#### [Required action]
The entire listing, reproduced exactly and stripped of images, is the expected output.

=== Task input ===

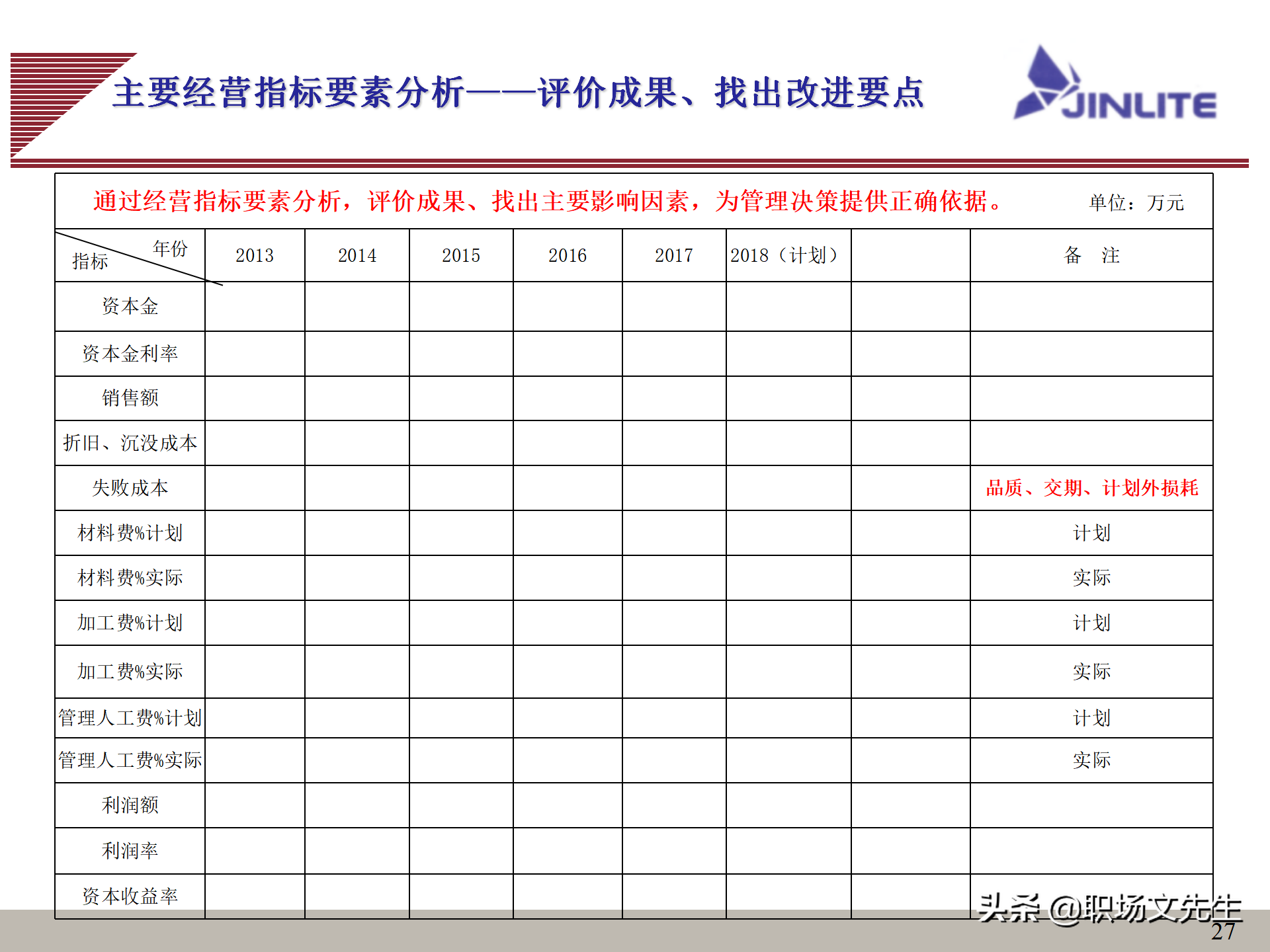 公司组织结构（公司组织结构分析及解决思路）-第24张图片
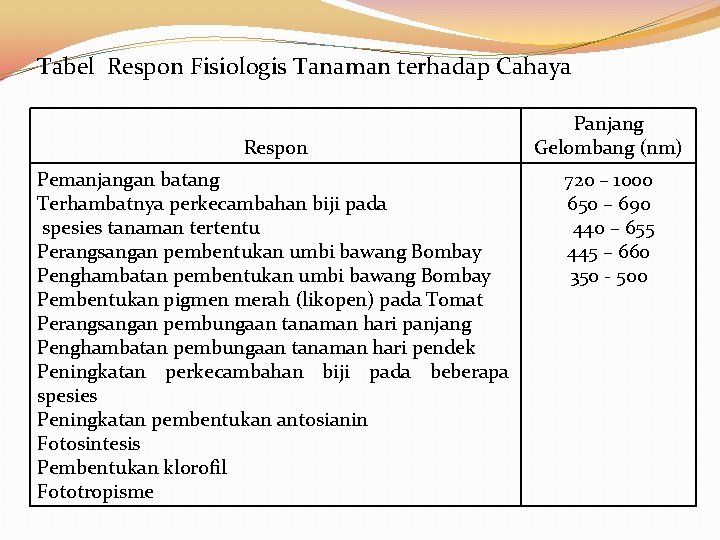 Tabel Respon Fisiologis Tanaman terhadap Cahaya Respon Pemanjangan batang Terhambatnya perkecambahan biji pada spesies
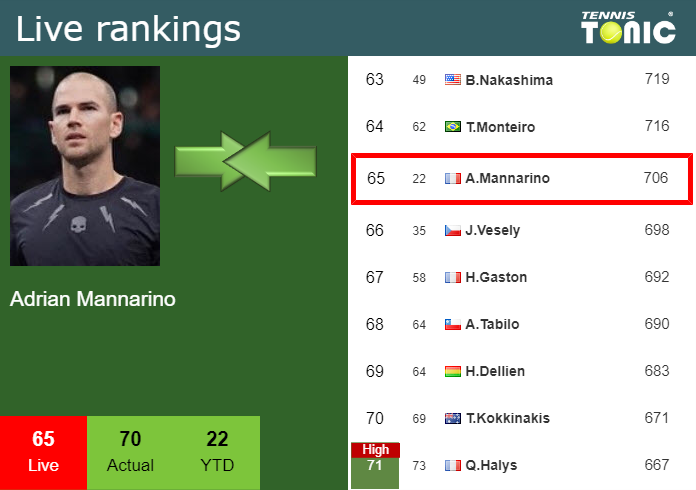 Monday Live Ranking Adrian Mannarino 1cxygf8n Monday Live Ranking Adrian Mannarino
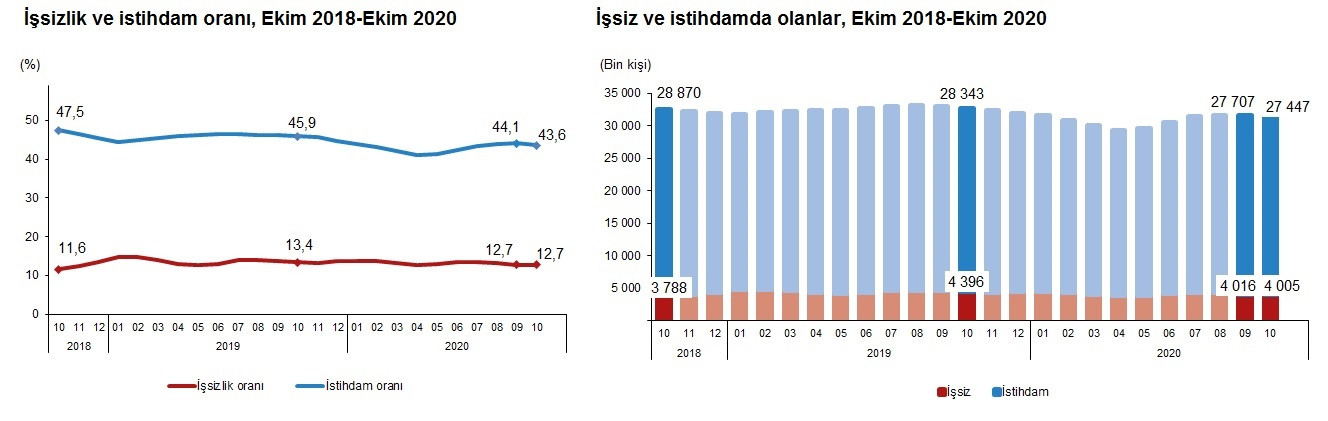 EKİM AYI İŞSİZLİK YÜZDE 12,7 OLDU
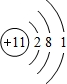 91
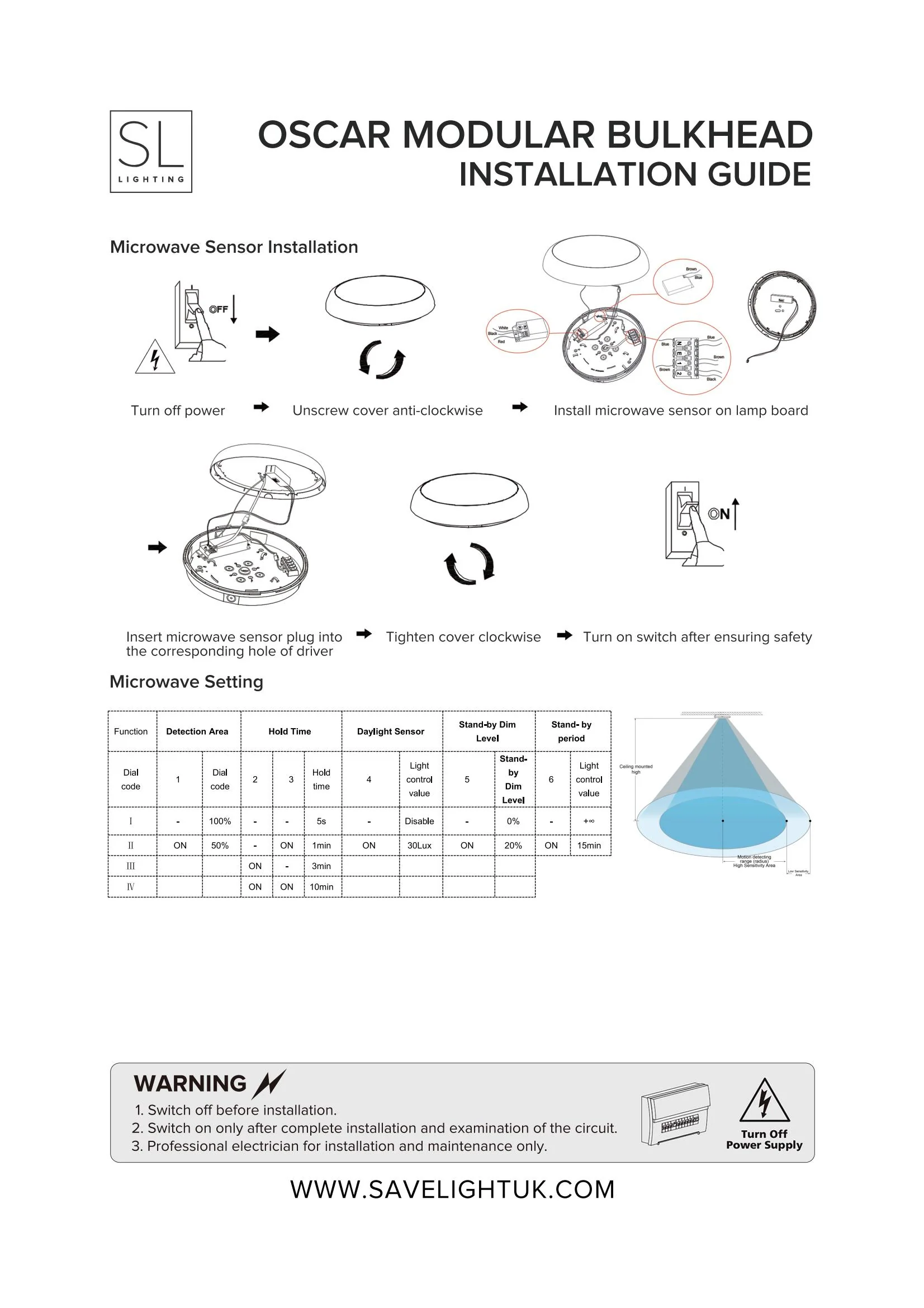 Microwave Sensor Emergency 12W/18W/24W CCT Wattage Adjustable IP65 Modular Bulkhead - Image 10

===

#### [Answer to the exercise]
 公司组织结构（公司组织结构分析及解决思路）-第24张图片
 Tabel Respon Fisiologis Tanaman terhadap Cahaya Respon Pemanjangan batang Terhambatnya perkecambahan biji pada spesies
 Monday Live Ranking Adrian Mannarino 1cxygf8n Monday Live Ranking Adrian Mannarino
 EKİM AYI İŞSİZLİK YÜZDE 12,7 OLDU
 91
 Microwave Sensor Emergency 12W/18W/24W CCT Wattage Adjustable IP65 Modular Bulkhead - Image 10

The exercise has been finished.